[Date Prev][Date Next][Thread Prev][Thread Next][Date Index][Thread Index]
Re: [PATCH] fence: introduce a file-based self-fence mechanism
From: |
Felipe Franciosi |
Subject: |
Re: [PATCH] fence: introduce a file-based self-fence mechanism |
Date: |
Thu, 5 Dec 2019 14:22:29 +0000 |
Heya,
> On Nov 26, 2019, at 12:18 PM, Marc-André Lureau <address@hidden> wrote:
>
> On Mon, Nov 25, 2019 at 8:14 PM Felipe Franciosi <address@hidden> wrote:
>>
>> This introduces a self-fence mechanism to Qemu, causing it to die if a
>> heartbeat condition is not met. Currently, a file-based heartbeat is
>> available and can be configured as follows:
>>
>> -object file-fence,id=ff0,file=/foo,qtimeout=20,ktimeout=25,signal=kill
>>
>> Qemu will watch 'file' for attribute changes. Touching the file works as
>> a heartbeat. This parameter is mandatory.
>>
>> Fencing happens after 'qtimeout' or 'ktimeout' seconds elapse without a
>> heartbeat. At least one of these must be specified. Both may be used.
>>
>> When using 'qtimeout', an internal Qemu timer is used. Fencing with this
>> method gives Qemu a chance to write a log message indicating which file
>> caused the event. If Qemu's main loop is hung for whatever reason, this
>> method won't successfully kill Qemu.
>>
>> When using 'ktimeout', a kernel timer is used. In this case, 'signal'
>> can be 'kill' (for SIGKILL, default) or 'quit' (for SIGQUIT). Using
>> SIGQUIT may be preferred for obtaining core dumps. If Qemu is hung
>> (eg. uninterruptable sleep), this method won't successfully kill Qemu.
>>
>> It is worth noting that even successfully killing Qemu may not be
>> sufficient to completely fence a VM as certain operations like network
>> packets or block commands may be pending in the kernel. If that is a
>> concern, systems should consider using further fencing mechanisms like
>> hardware watchdogs either in addition or in conjunction with this for
>> additional protection.
>>
>> Signed-off-by: Felipe Franciosi <address@hidden>
>> ---
>> Based-on: <address@hidden>
>>
>> Makefile.objs | 1 +
>> fence/Makefile.objs | 1 +
>> fence/file_fence.c | 381 ++++++++++++++++++++++++++++++++++++++++++++
>
> I think it could be under backends/
I thought about it and couldn't make up my mind. My decision was based on:
- Doesn't really feel like a "backend".
- I envision other types of self-fencing heartbeats (eg. network-based),
in which case this would probably be split in a "common" file.

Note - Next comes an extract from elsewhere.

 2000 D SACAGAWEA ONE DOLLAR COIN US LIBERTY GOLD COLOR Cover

Arguably other objects in backends/ also fall within these categories,
so I'm happy to move if you think it's better. Let me know.

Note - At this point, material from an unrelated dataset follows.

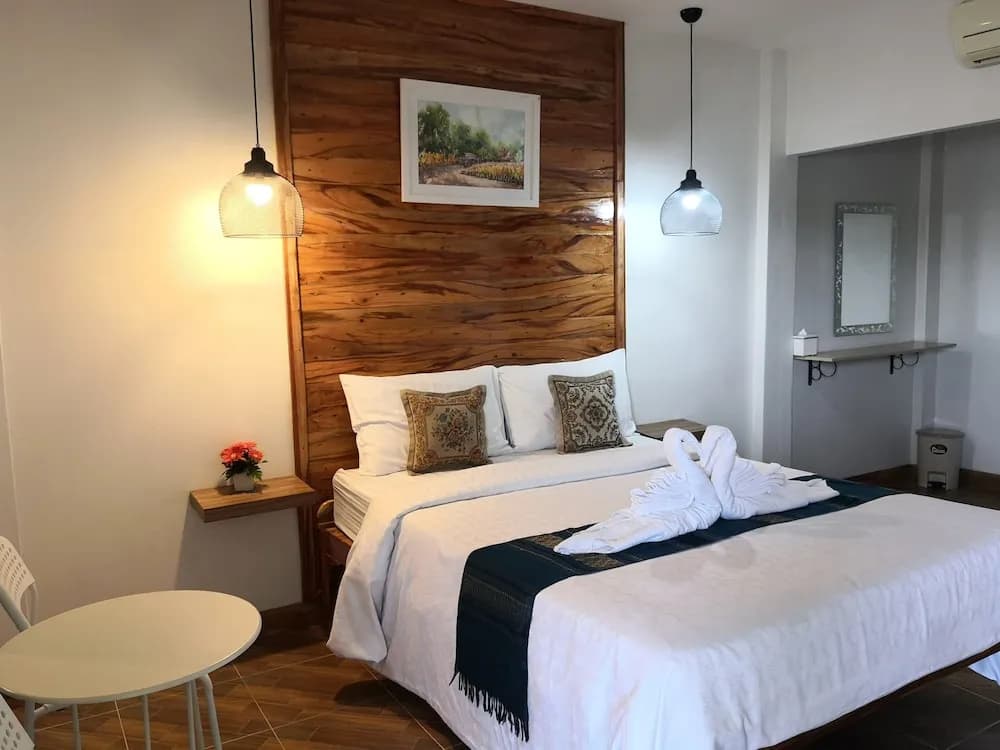 Naruchon Hotel - photo 4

> And a slight preference for - seperated words in filenames over qemu codebase.
Sure, will change.
>
>> qemu-options.hx | 27 +++-
>> 4 files changed, 409 insertions(+), 1 deletion(-)
>> create mode 100644 fence/Makefile.objs
>> create mode 100644 fence/file_fence.c
>>
>> diff --git a/Makefile.objs b/Makefile.objs
>> index 11ba1a36bd..998eed4796 100644
>> --- a/Makefile.objs
>> +++ b/Makefile.objs
>> @@ -75,6 +75,7 @@ common-obj-$(CONFIG_TPM) += tpm.o
>>
>> common-obj-y += backends/
>> common-obj-y += chardev/
>> +common-obj-y += fence/
>>
>> common-obj-$(CONFIG_SECCOMP) += qemu-seccomp.o
>> qemu-seccomp.o-cflags := $(SECCOMP_CFLAGS)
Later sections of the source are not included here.